Source: OASIS Open Bylaws. Approved December 17, 2020.

Overview #

The OASIS Bylaws are the governing corporate document of OASIS Open, a Pennsylvania domestic non-profit corporation organized under Section 501(c)(6). This page summarizes the provisions most relevant to staff. The full bylaws govern all matters of corporate structure and authority; staff should consult the (Interim) ED or legal counsel for any questions about their application.

Corporate Structure #

OASIS is governed by a Board of Directors of between one and eleven members, each representing a different member organization. Directors serve two-year staggered terms and are elected annually in June by voting members. The Board exercises all corporate powers, oversees officers and agents, and meets at least four times per year.

Officers include a President, Secretary, and Treasurer. The President supervises corporate affairs and executes contracts authorized by the Board. Officer compensation is set by Board resolution and must represent reasonable compensation for services advancing organizational purposes.

The fiscal year runs January 1 through December 31.

Membership #

OASIS has two classes of members: voting and non-voting. Any organization or individual supporting OASIS objectives may apply for membership by submitting a written application and paying dues. Membership is non-transferable. Members may be expelled for conduct materially prejudicial to the organization, following a notice and hearing process.

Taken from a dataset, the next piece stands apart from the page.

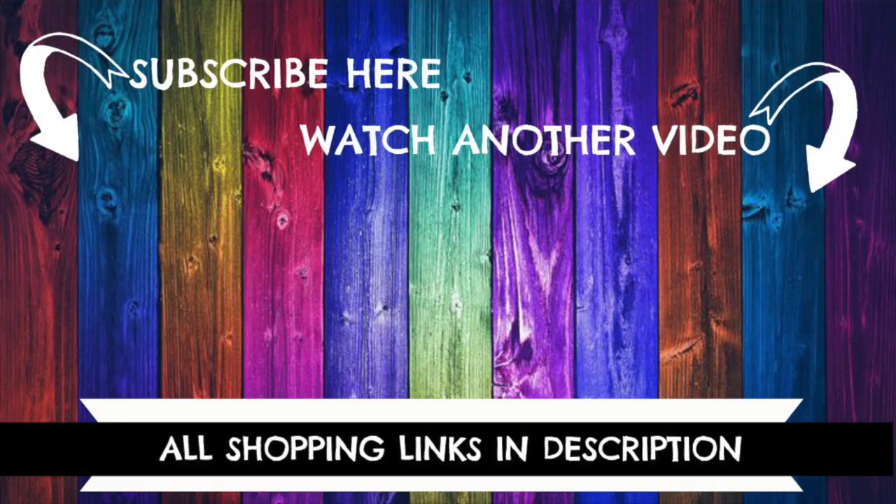Give this video a like, make sure you're subscribed to this YouTube channel, and you might just enjoy this video — a more in-depth look at the Brother P-Touch Embellish. I hope you go out there and create something magical. Thanks!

Net earnings of the corporation may not be distributed to members, directors, officers, or employees. All surplus revenue supports operational purposes.

Staff Authority #

The President may confer duties on designated staff with Board approval. Staff act under authority delegated by the Board or officers — no staff member has independent authority to bind the corporation except as expressly authorized.

Checks, drafts, and payment orders are signed by the Treasurer or President (or designated staff per Board resolution). Expenditures exceeding Board-established thresholds require countersignature.

Records and Reporting #

Staff maintain corporate records at the principal office, including board and committee minutes, financial records, and membership records. An annual report is distributed to Directors within 120 days of fiscal year-end.

Indemnification #

The corporation indemnifies Directors, officers, and may indemnify other employees and agents against expenses, judgments, fines, and settlements arising from actions taken in good faith in furtherance of organizational interests. The Board may purchase liability insurance for Directors, officers, employees, and agents.

Amendments #

Bylaw amendments generally require either voting member approval or Board approval. Amendments materially affecting member voting rights always require member approval.